> [WHAT TO WORK ON]: Would you please transcribe the listing exactly, with no images?

> [DATA TO PROCESS]:
== Segment start ==
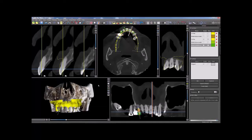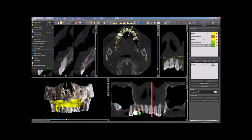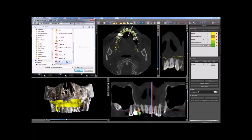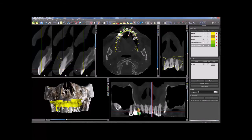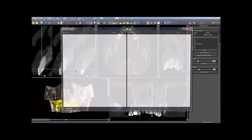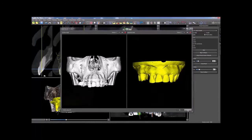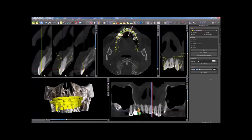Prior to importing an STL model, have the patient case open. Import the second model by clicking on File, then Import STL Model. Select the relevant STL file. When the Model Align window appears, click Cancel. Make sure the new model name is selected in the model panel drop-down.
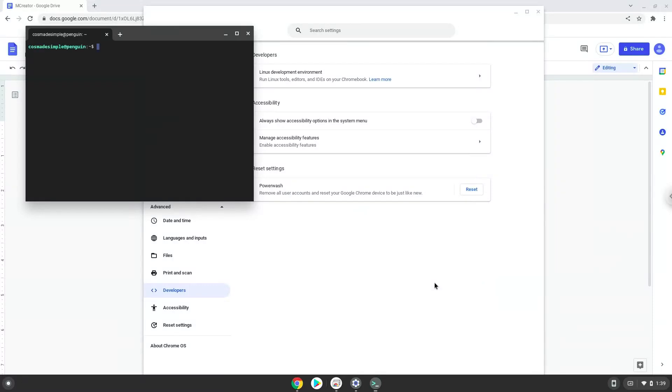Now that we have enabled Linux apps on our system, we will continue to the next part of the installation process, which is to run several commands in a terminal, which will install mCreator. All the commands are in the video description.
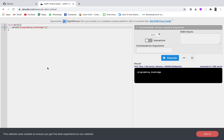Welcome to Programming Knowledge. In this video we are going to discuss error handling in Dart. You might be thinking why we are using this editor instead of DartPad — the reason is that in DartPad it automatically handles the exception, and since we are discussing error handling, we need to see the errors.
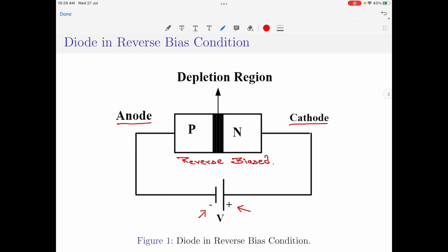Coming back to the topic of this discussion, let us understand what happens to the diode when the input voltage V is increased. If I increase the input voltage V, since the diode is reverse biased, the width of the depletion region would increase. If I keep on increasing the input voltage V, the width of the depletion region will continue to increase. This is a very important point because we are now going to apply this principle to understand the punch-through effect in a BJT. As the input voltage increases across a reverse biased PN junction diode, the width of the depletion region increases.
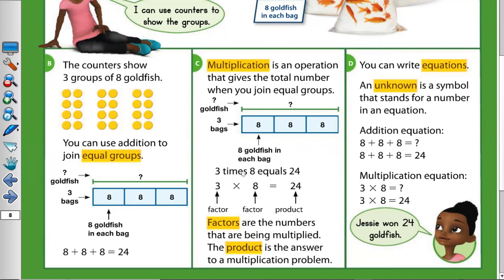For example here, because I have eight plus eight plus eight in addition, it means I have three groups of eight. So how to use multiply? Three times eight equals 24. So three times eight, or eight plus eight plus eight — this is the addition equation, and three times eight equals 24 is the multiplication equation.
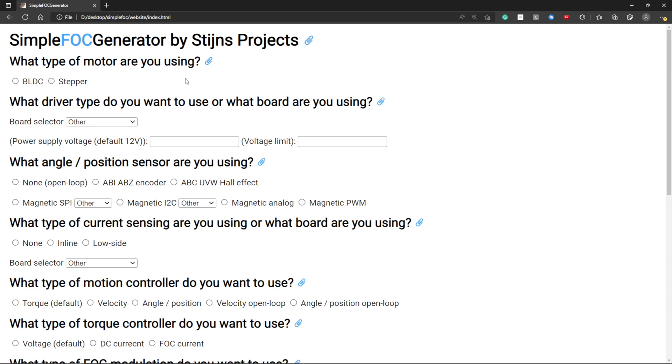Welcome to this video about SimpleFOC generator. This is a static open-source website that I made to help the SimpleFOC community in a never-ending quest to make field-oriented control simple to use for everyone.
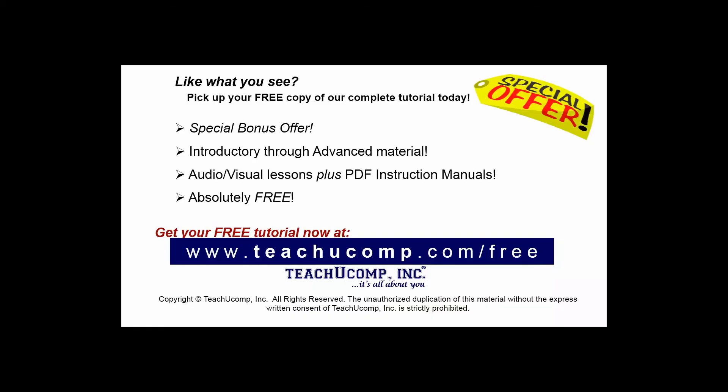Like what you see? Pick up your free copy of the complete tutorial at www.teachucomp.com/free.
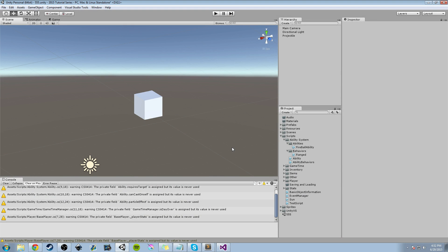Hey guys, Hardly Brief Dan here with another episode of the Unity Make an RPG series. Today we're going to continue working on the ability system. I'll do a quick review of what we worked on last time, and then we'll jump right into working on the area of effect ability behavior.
== Segment end ==
> [YOUR RESPONSE]:
Prior to importing an STL model, have the patient case open. Import the second model by clicking on File, then Import STL Model. Select the relevant STL file. When the Model Align window appears, click Cancel. Make sure the new model name is selected in the model panel drop-down.
Now that we have enabled Linux apps on our system, we will continue to the next part of the installation process, which is to run several commands in a terminal, which will install mCreator. All the commands are in the video description.
Welcome to Programming Knowledge. In this video we are going to discuss error handling in Dart. You might be thinking why we are using this editor instead of DartPad — the reason is that in DartPad it automatically handles the exception, and since we are discussing error handling, we need to see the errors.
Coming back to the topic of this discussion, let us understand what happens to the diode when the input voltage V is increased. If I increase the input voltage V, since the diode is reverse biased, the width of the depletion region would increase. If I keep on increasing the input voltage V, the width of the depletion region will continue to increase. This is a very important point because we are now going to apply this principle to understand the punch-through effect in a BJT. As the input voltage increases across a reverse biased PN junction diode, the width of the depletion region increases.
For example here, because I have eight plus eight plus eight in addition, it means I have three groups of eight. So how to use multiply? Three times eight equals 24. So three times eight, or eight plus eight plus eight — this is the addition equation, and three times eight equals 24 is the multiplication equation.
Welcome to this video about SimpleFOC generator. This is a static open-source website that I made to help the SimpleFOC community in a never-ending quest to make field-oriented control simple to use for everyone.
Like what you see? Pick up your free copy of the complete tutorial at www.teachucomp.com/free.
Hey guys, Hardly Brief Dan here with another episode of the Unity Make an RPG series. Today we're going to continue working on the ability system. I'll do a quick review of what we worked on last time, and then we'll jump right into working on the area of effect ability behavior.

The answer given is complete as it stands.